2. Qualifying Relatives:
To be considered a qualifying relative, an individual must meet the following criteria:
a. Relationship or Residency: The person must either have a specific relationship with the taxpayer (e.g., parent, sibling, grandparent) or have lived with the taxpayer for the entire year as a member of their household.
b.
Gross Income: The individual's gross income must be below a certain threshold, which is determined annually by the IRS. For the tax year 2021, this threshold is $4,300.
c. Support: The taxpayer must have provided more than half of the individual's total support during the tax year.
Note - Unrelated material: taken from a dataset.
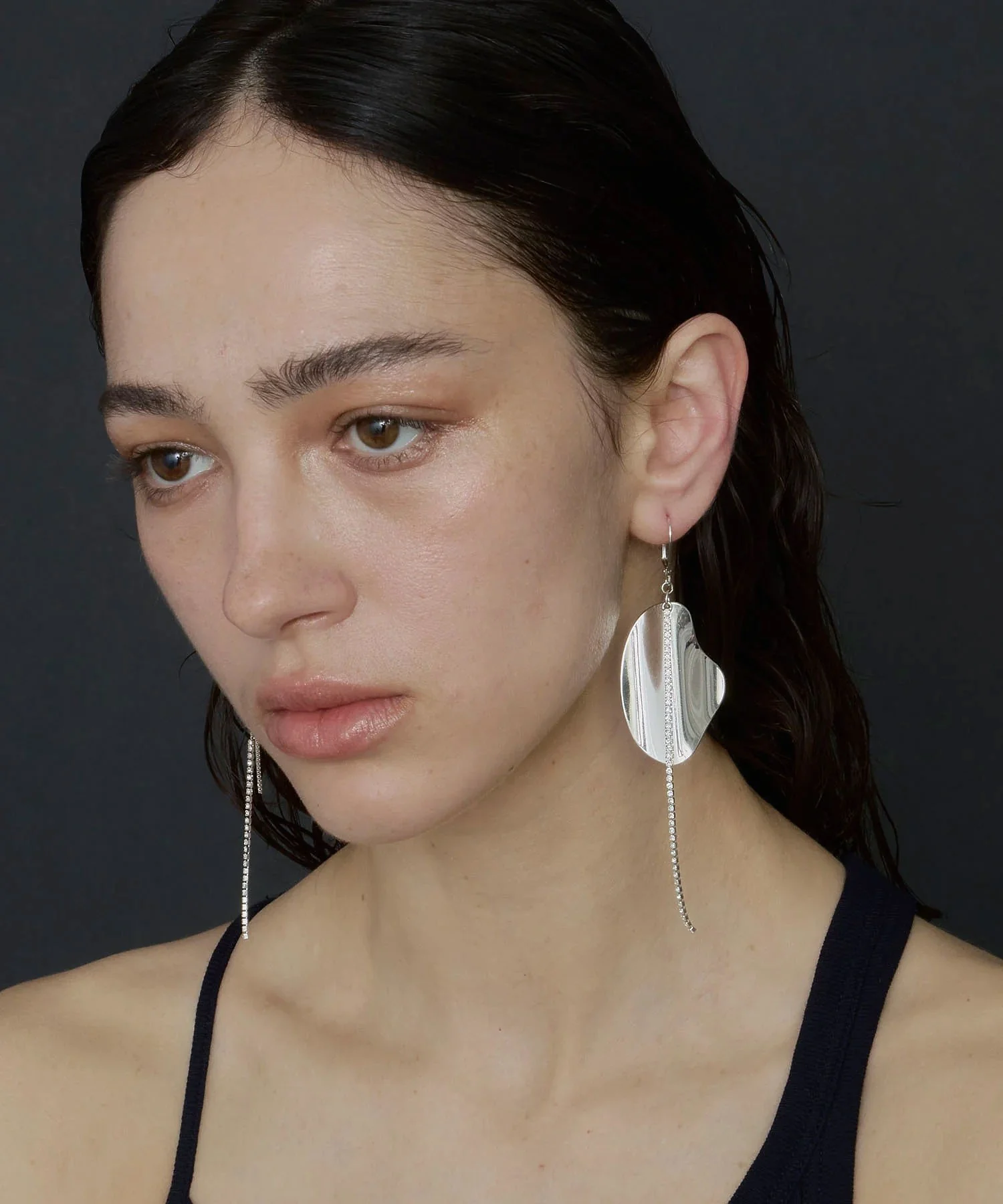 loni/LEAF BIJOU ASYMMETRY PIERCE - Image 40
d. Joint Return: If the individual is married, they cannot file a joint return unless it is solely to claim a refund and no tax liability would exist if they filed separately.
It is important to note that there are additional rules and exceptions that may apply in specific situations, such as divorced or separated parents, multiple support agreements, or special circumstances for disabled individuals. The IRS provides detailed guidelines and resources to help taxpayers determine if someone qualifies as their dependent for tax purposes.
Understanding the criteria for someone to be considered a dependent for tax purposes is crucial when determining eligibility for various tax benefits, such as the Child Tax Credit. Taxpayers should consult the IRS guidelines or seek professional advice to ensure accurate determination and proper utilization of these tax benefits.